As a child, Mona promises to give up everything that gives her pleasure, if it means her father will return to normal. She also determines to take on her own pain: a montage shows her eating soap and spraying pesticide on her ice cream to show her dedication and sacrifice. Mona’s two approaches converge as the numbers from her beloved mathematics form the secret foundation of her magical thinking. She believes that if she jumps rope a certain number of times without failing, in one instance, then good things will happen to her father.
With all of this going on inside Mona’s head, how can she have room for anyone else? This becomes the math problem when, as a young woman (played by Jessica Alba), she gets a job as an elementary school math teacher under false pretenses, claiming to have a college degree when she’s actually a dropout. She also has a hard time controlling her class and sorting out her feelings for Ben (Chris Messina), the bestubbled science teacher.

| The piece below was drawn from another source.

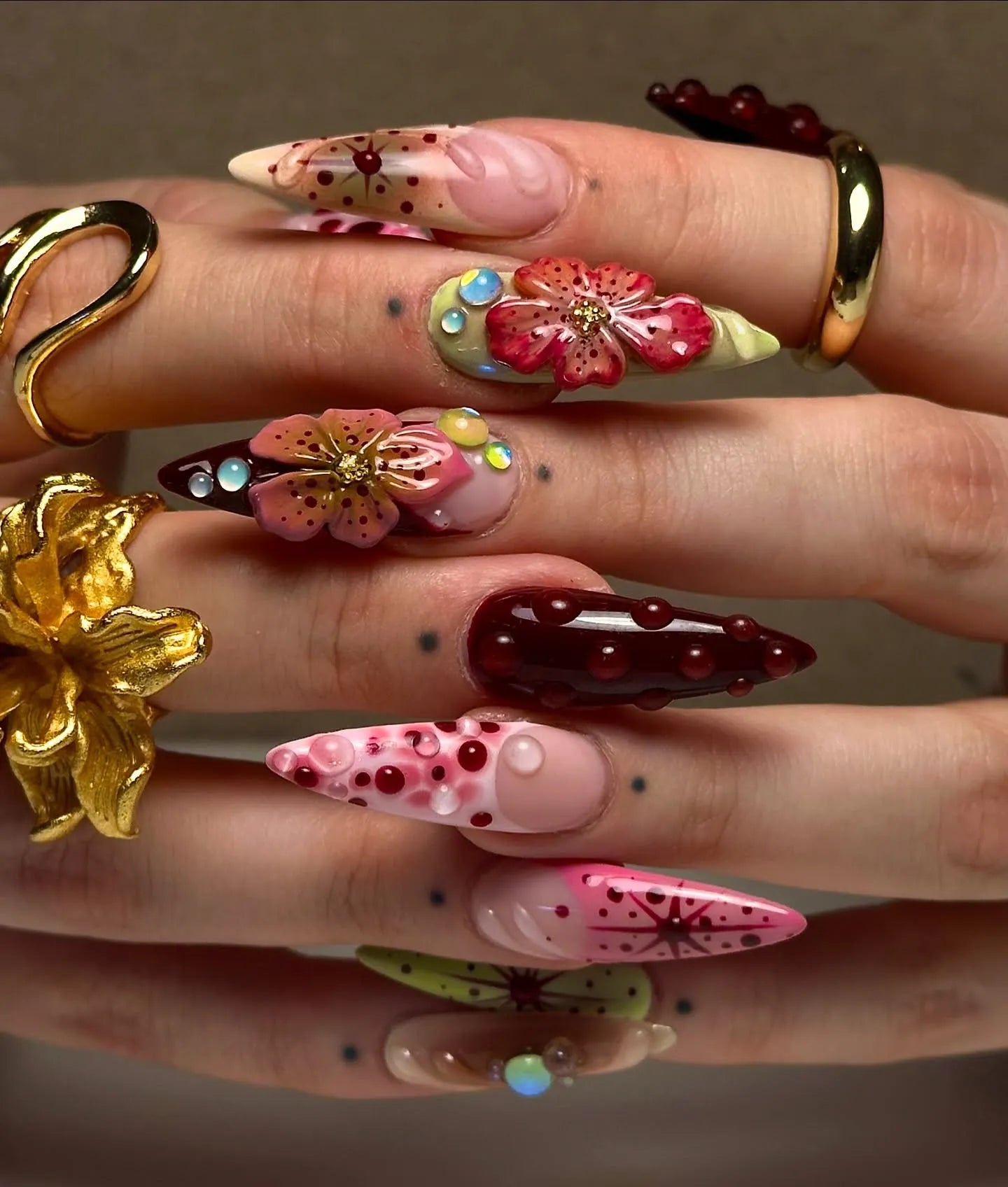 Hand with handmade deep red press-on nails featuring 3D floral designs and gemstone accents.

Ben’s confusion is matched by ours, as Mona’s motivations are never very clear. An Invisible Sign—which opened in a few theaters and is also available on demand—is faithfully based on Aimee Bender’s novel, An Invisible Sign of My Own, where first-person narration lays out the thought processes Mona uses to justify her actions, logical or illogical. In the movie, we mostly just see the results. A voiceover dips in and out, sometimes helpfully. More often, Mona’s actions don’t suggest her ongoing struggle with her father’s illness, but instead, her own descent into madness.
Presented not as a whole character, but as a collection of tics, the movie’s Mona compulsively knocks on wood for good luck or literally runs away during the middle of uncomfortable conversations. As she focuses on her obsessions and superstitions, it’s easy to see why her third-grade class would run wild in her presence. It’s almost appalling, the ways she’s overcome by her personal compulsions at work. When she impulse-buys an axe and stashes it in her classroom, she tells herself it resembles the number seven, making it a math-related artifact. When a parent calls her a “weirdo,” it’s hard not to agree. It’s also hard to know why Ben puts in so much work to pursue her. (Unsurprisingly, he’s the one who most often triggers her flight response.)

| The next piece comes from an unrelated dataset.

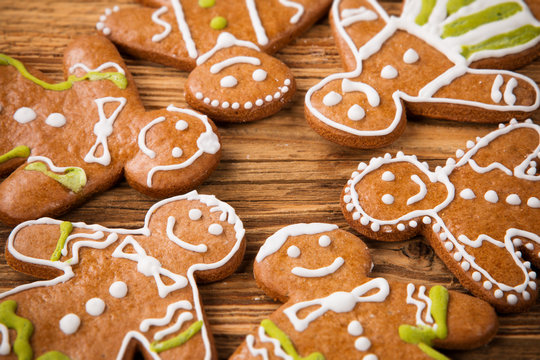 Gingerbread happy creatures on wood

Absent the book’s interior monologue, director Marilyn Agrelo (who made the 2005 documentary, Mad Hot Ballroom) provides a few clues as to what Mona’s thinking. Sprays of numbers and equations add visual interest, in an A Beautiful Mind kind of way, but they offer little insight into Mona’s experience. Alba does her part to illustrate Mona’s confusion, anguish, and desperation. She even looks like someone suspended as a 10-year-old, wearing tights tucked into canvas sneakers, rompers, and pigtails.
In its occasional moments of clarity, An Invisible Sign presents a moving story about adapting to circumstances. Mona’s experiences parallel those of a student in her class, Lisa (Sophie Nyweide). The girl’s mother has cancer, which leads her to behave in ways that express and also distort her pain: her bag lunch contains nothing but known carcinogens (bologna, margarine, and artificial sweetener), as Lisa hopes to share her mother’s illness. Her strategies for coping with family illness are clearer and more moving than Mona’s, and they help shed light on the ridiculousness of Mona’s fantasies.
While Lisa complements Mona and exposes her flaws, Ben mostly tries to keep up with her—literally, he chases after her. He’s not a comfort. He can’t set her straight. The best he can do is hope to manage some of her behaviors. Their romance, like the movie, remains a problem unsolved.